Art of the Rallying Cry
Like a crack of light creeping into a pitch black room, sound defines the shapes, tones and objects in the three dimensional world, but do we pay close enough attention to realize it? Unlike a prism that scatters white light into component colors right in front of the eyes, the human physiology experiences and processes sound in a very intimate and magical way. According to Marcel Duchamp “One can look at seeing; one can’t hear hearing” (qtd. in Kahn, 9). The philosophical, psychological, and physiological nature of looking that allows visual things to perceptually register at a distance contrasts starkly to the internalized nature of the perception of sound.
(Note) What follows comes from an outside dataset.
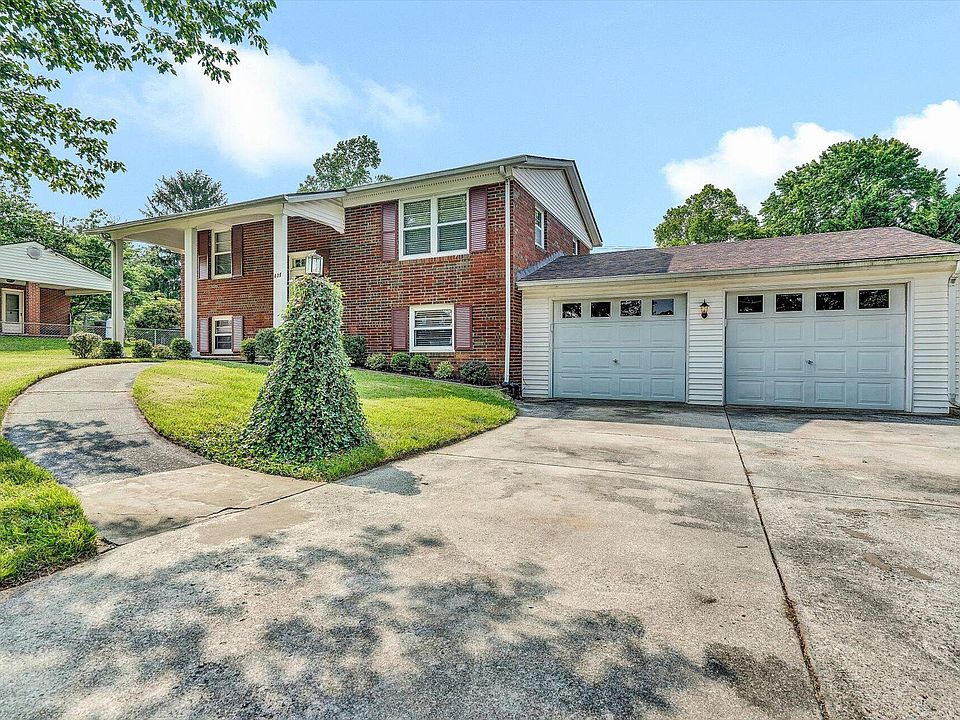 1st image of 439 Petty Ave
The use of sound in art is scattered into forms as numerous and varied as painting, sculpture or photography. Artists have been extolling the use of sound in art for almost a century alongside these inaudible, static practices. Now, more than a hundred years after sound was first recorded surround sound technology is in more homes than art galleries, promising unrivaled realistic experience. It would seem we know no fear of being in the midst of recorded sound; letting it be inside our head, letting it represent all manners of loves and horrors. Or are we just adapting ourselves, learning with the help of technology to keep sound at a distance too? Representational focus on perception and medium in art appreciation and criticism cannot do justice to the use of sound and technology in art. These technologies are still struggling to lead art back into the realms of the experience of communication rather than the appreciation of objectification.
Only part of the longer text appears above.